Do you think your partnership with Kmart helped open the door for these high/low collaborations?
Of course. It was the first of the big, powerful brand names to be hugely successful at mass.
Do you see any limit for where the Martha Stewart brand can go?
Well, there’s things that I don’t want to make. I don’t really want to make wheelchairs. Dean Kamen makes the best wheelchairs, and I don’t think I could ever invent anything as fabulous as his wheelchair that goes up and down stairs and things. But I am interested in everything that has to do with the home.
Martha’s Cooking School returns to PBS on April 4. What can we expect from Season 2?
There are still lots and lots more basics to explore. In the second half hour, it will be joined by Martha Bakes. That show was originally conceived for Hallmark, but nobody saw it because Hallmark has such a poor, small viewership. But it’s a wonderful show.
Where does TV currently fit in the Martha Stewart empire?

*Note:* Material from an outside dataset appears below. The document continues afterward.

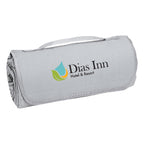 Roll-Up Sweatshirt Blanket Embroidery - Gray - Colorbrite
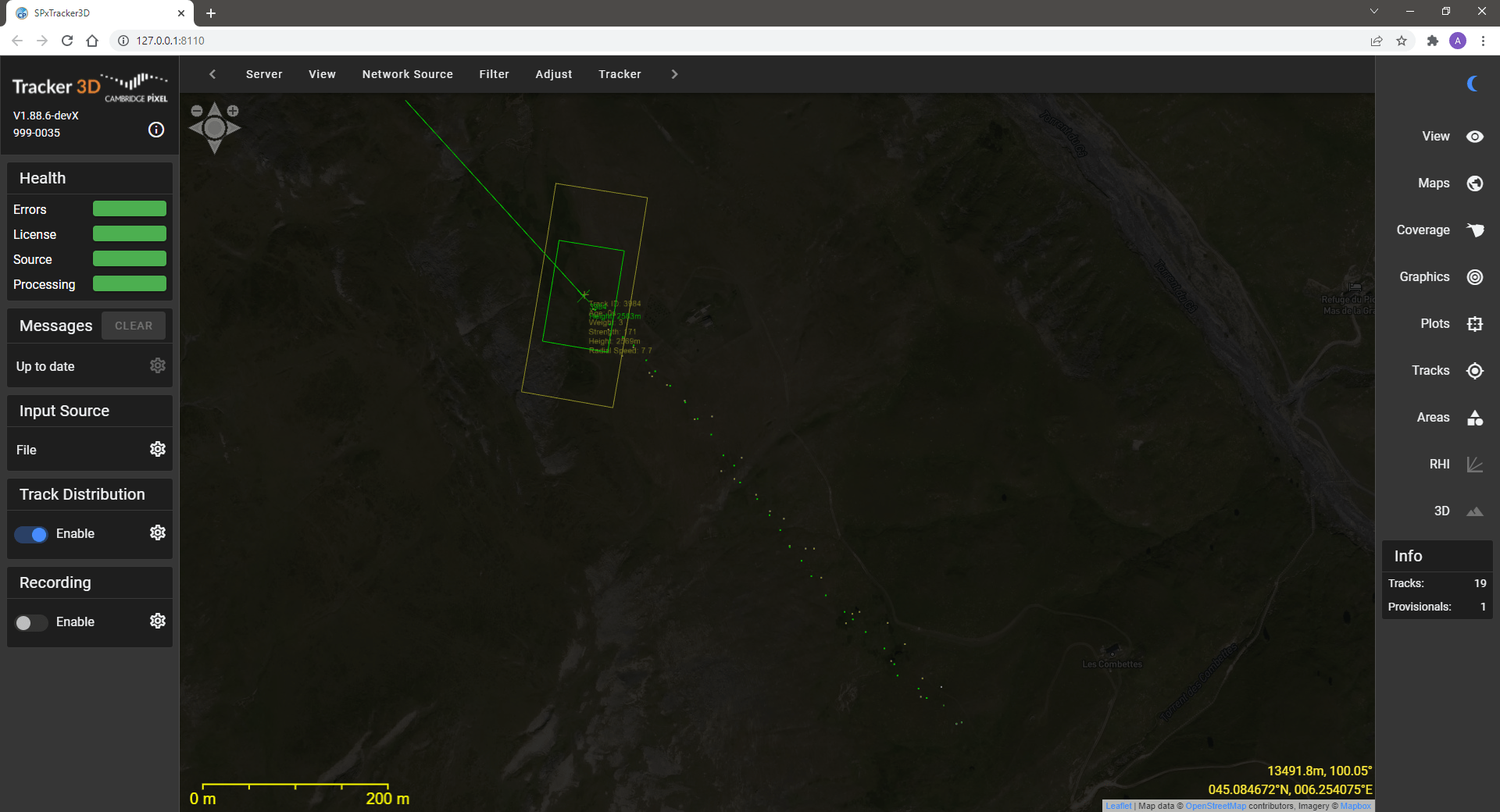 Radar Solution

It’s still extremely important, and I find it to be a very good way to reach a lot of people. We’re working on a pilot right now with ABC called Party Masters. It’s a very fun show. We are also ramping up our video content on the Web. It’s important to be where the customer needs and wants you.
The New York Times said you had “emerged as a patron saint for entrepreneurial hipsters.” Did that surprise you?
It doesn’t surprise me at all. I’m mom to a vast audience. I was just in Colombia, and boy, did they respond. They have the show there, and they all recognized me. I was very well-known with the younger audience. It’s like that everywhere.
By embracing a younger audience, are you worried about alienating your older readers?
We’re very, very aware of that possibility, and we are certainly protecting the other demographics because they’re terribly important to us. They have the money, they have the wherewithal, they have the eyeballs and they are certainly still interested in having the good life.